MK: So my dream of playing the steel drums went away, but most recently I was able to borrow some. And so currently in my house is a lead pan that I am trying to learn to play and it’s so much fun. It’s awesome, but I’m terrible at it right now, but I just literally like the past few weeks started mucking around with it. So it’s pretty exciting.
LD: Oh, that’s awesome. That’s very cool. Next stop, Virgin Islands, right?
MK: That’s right.
LD: There you go. The characters, a little bit about the characters, the band members in this book, Mo and his bandmates, they seemed lost, like they never grew up or maybe they didn’t really know how to. And I was wondering, did you base these guys on anyone real or anything that you’ve seen from your band years or where did that element of the story come from?
MK: There’s no analog in real life to, like, character A is based on a certain individual. I think they’re based a little bit on my overall experience just knowing a lot of musicians and knowing a lot of musicians who were really talented, but at some point, what are you going to do? If it’s not enough money to live on, but you don’t want to; I guess what happened was I saw a lot of them when I was in my 20s, I saw a lot of older musicians who were in the situation where they had to take every gig that came along and they didn’t like playing anymore and that seemed really heartbreaking.

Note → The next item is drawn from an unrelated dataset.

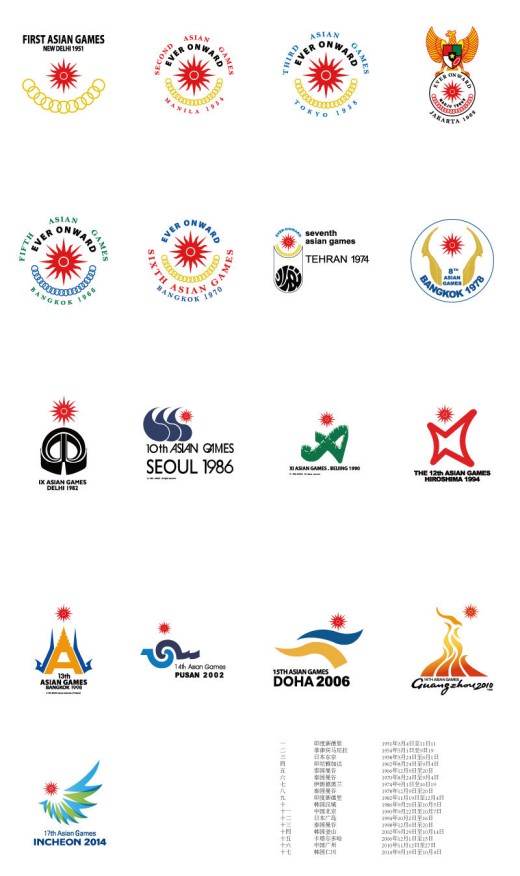 17届亚运会标志设计矢量素材素材中国网精选
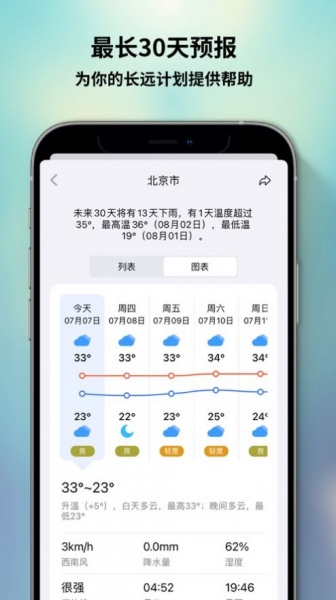 和风天气手机版下载_和风天气最新预报app下载v1 安卓版 运行截图2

So these are guys in the book who on the one hand love playing so much they would do anything to do it. And on the other hand, that becomes a little bit of a curse because it stopped them from, it arrests them. And certainly Mo, when the story opens, he’s convinced himself he’s got it made. He’s found the loophole in life. He gets to work on the beach selling, renting out umbrellas and renting out beach chairs and he gets paid to have a bathing suit and sit on the beach and it’s awesome. Of course, he’s to some extent deluding himself, but I think that’s; there’s that; he’s stuck. So yeah, I think again, not based on specific people, but definitely based on people.
LD: Now his daughter, on the other hand, boy, in the end, she outsmarts everybody.
MK: Yeah. Janice is the brains.
LD: She is, oh my goodness, the band, the amusement park, the police. I love that. She’s 17. So you see Mo, he kind of grows up. He has an opportunity to really solidify that beach bum lifestyle. And when he walks right up to it, he goes, “You know what? I don’t actually want this anymore.” But at the same time, he doesn’t seem to know what else to do either. And she’s the one who finishes the robbery, gets all the money, makes the stuff happen, evades the police and then pulls him out of being stuck. So she’s like the hero. Where did this come from? This idea that the 17-year-old daughter is the one who, you know what I mean? Is going to save the day or pull off the crime, which, surprise.
MK: There’s a lot of things that are maddening about writing, but one of the things that I love maybe the most is when ideas just pop out of nowhere and you know they’re right. And one of the things that happened was I was writing first, I don’t know, a couple of chapters, I think it was really the first chapter. Now it’s split into three chapters, but at the time it was one. It was the end of the first chapter and Mo is, he’s playing the drums on this silly game on the boardwalk trying to beat the record and he gets really into it and then he sees these two girls, like teenage girls staring at him and he’s mortified and they’re mortified looking at him being mortified and it’s just this totally, he feels so stupid and old and pathetic and then just this line shot into me like, “the red-haired one was my daughter,” because that would make it even worse.
And I was like, I don’t know where that came from, but now apparently there’s a daughter in the story, so how’s that going to go? And so it just developed that she became a presence in the story and as I was working on it, she became more and more of a presence. And then the more she was on the page, I realized, oh no, she’s the brains here and she’s the one with the most verve and it made sense that she would pull it off.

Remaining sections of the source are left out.